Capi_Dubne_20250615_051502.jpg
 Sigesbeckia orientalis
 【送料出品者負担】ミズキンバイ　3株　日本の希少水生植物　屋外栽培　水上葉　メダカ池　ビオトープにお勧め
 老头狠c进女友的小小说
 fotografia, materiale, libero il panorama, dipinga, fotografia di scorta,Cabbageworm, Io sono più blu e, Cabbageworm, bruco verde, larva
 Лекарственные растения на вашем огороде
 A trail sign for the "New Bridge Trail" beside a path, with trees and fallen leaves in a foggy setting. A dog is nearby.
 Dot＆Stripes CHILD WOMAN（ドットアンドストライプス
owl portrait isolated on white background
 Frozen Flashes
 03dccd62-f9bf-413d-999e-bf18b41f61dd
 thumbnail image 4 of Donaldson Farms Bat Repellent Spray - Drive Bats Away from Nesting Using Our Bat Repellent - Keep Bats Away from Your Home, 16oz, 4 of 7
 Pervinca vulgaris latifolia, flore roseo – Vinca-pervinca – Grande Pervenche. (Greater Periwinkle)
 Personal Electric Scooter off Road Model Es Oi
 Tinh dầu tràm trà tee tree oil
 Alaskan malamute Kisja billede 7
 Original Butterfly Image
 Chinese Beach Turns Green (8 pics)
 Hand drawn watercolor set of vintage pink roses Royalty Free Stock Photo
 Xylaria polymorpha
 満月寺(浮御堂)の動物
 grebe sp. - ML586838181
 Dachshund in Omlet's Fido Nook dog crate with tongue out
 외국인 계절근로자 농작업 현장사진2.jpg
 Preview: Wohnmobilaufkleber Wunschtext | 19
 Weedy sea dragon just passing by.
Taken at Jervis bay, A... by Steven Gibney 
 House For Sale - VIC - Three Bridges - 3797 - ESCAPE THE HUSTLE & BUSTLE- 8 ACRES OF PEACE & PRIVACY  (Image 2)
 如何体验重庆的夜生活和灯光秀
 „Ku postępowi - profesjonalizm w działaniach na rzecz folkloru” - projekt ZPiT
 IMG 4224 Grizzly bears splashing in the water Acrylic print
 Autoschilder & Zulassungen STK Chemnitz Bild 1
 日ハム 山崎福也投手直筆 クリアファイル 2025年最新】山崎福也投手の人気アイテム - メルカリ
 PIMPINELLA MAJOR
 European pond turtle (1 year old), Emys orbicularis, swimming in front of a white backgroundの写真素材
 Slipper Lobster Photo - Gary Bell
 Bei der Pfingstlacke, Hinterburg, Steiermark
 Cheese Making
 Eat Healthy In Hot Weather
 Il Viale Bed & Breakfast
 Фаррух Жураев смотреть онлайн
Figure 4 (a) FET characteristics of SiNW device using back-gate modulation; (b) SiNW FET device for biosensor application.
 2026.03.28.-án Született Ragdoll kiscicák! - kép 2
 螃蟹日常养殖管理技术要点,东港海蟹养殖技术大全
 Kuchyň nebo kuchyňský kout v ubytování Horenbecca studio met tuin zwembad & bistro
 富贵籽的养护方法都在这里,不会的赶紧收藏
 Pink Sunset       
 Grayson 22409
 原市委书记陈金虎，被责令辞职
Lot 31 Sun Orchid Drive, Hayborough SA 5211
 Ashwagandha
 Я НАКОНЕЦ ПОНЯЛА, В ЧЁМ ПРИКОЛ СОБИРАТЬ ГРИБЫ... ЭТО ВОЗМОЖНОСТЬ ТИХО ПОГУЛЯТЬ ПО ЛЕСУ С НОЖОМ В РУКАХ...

## Problem to solve:
All of the material is to be copied word for word.

## Answer for the task:
Capi_Dubne_20250615_051502.jpg
 Sigesbeckia orientalis
 【送料出品者負担】ミズキンバイ　3株　日本の希少水生植物　屋外栽培　水上葉　メダカ池　ビオトープにお勧め
 老头狠c进女友的小小说
 fotografia, materiale, libero il panorama, dipinga, fotografia di scorta,Cabbageworm, Io sono più blu e, Cabbageworm, bruco verde, larva
 Лекарственные растения на вашем огороде
 A trail sign for the "New Bridge Trail" beside a path, with trees and fallen leaves in a foggy setting. A dog is nearby.
 Dot＆Stripes CHILD WOMAN（ドットアンドストライプス
owl portrait isolated on white background
 Frozen Flashes
 03dccd62-f9bf-413d-999e-bf18b41f61dd
 thumbnail image 4 of Donaldson Farms Bat Repellent Spray - Drive Bats Away from Nesting Using Our Bat Repellent - Keep Bats Away from Your Home, 16oz, 4 of 7
 Pervinca vulgaris latifolia, flore roseo – Vinca-pervinca – Grande Pervenche. (Greater Periwinkle)
 Personal Electric Scooter off Road Model Es Oi
 Tinh dầu tràm trà tee tree oil
 Alaskan malamute Kisja billede 7
 Original Butterfly Image
 Chinese Beach Turns Green (8 pics)
 Hand drawn watercolor set of vintage pink roses Royalty Free Stock Photo
 Xylaria polymorpha
 満月寺(浮御堂)の動物
 grebe sp. - ML586838181
 Dachshund in Omlet's Fido Nook dog crate with tongue out
 외국인 계절근로자 농작업 현장사진2.jpg
 Preview: Wohnmobilaufkleber Wunschtext | 19
 Weedy sea dragon just passing by.
Taken at Jervis bay, A... by Steven Gibney 
 House For Sale - VIC - Three Bridges - 3797 - ESCAPE THE HUSTLE & BUSTLE- 8 ACRES OF PEACE & PRIVACY  (Image 2)
 如何体验重庆的夜生活和灯光秀
 „Ku postępowi - profesjonalizm w działaniach na rzecz folkloru” - projekt ZPiT
 IMG 4224 Grizzly bears splashing in the water Acrylic print
 Autoschilder & Zulassungen STK Chemnitz Bild 1
 日ハム 山崎福也投手直筆 クリアファイル 2025年最新】山崎福也投手の人気アイテム - メルカリ
 PIMPINELLA MAJOR
 European pond turtle (1 year old), Emys orbicularis, swimming in front of a white backgroundの写真素材
 Slipper Lobster Photo - Gary Bell
 Bei der Pfingstlacke, Hinterburg, Steiermark
 Cheese Making
 Eat Healthy In Hot Weather
 Il Viale Bed & Breakfast
 Фаррух Жураев смотреть онлайн
Figure 4 (a) FET characteristics of SiNW device using back-gate modulation; (b) SiNW FET device for biosensor application.
 2026.03.28.-án Született Ragdoll kiscicák! - kép 2
 螃蟹日常养殖管理技术要点,东港海蟹养殖技术大全
 Kuchyň nebo kuchyňský kout v ubytování Horenbecca studio met tuin zwembad & bistro
 富贵籽的养护方法都在这里,不会的赶紧收藏
 Pink Sunset       
 Grayson 22409
 原市委书记陈金虎，被责令辞职
Lot 31 Sun Orchid Drive, Hayborough SA 5211
 Ashwagandha
 Я НАКОНЕЦ ПОНЯЛА, В ЧЁМ ПРИКОЛ СОБИРАТЬ ГРИБЫ... ЭТО ВОЗМОЖНОСТЬ ТИХО ПОГУЛЯТЬ ПО ЛЕСУ С НОЖОМ В РУКАХ...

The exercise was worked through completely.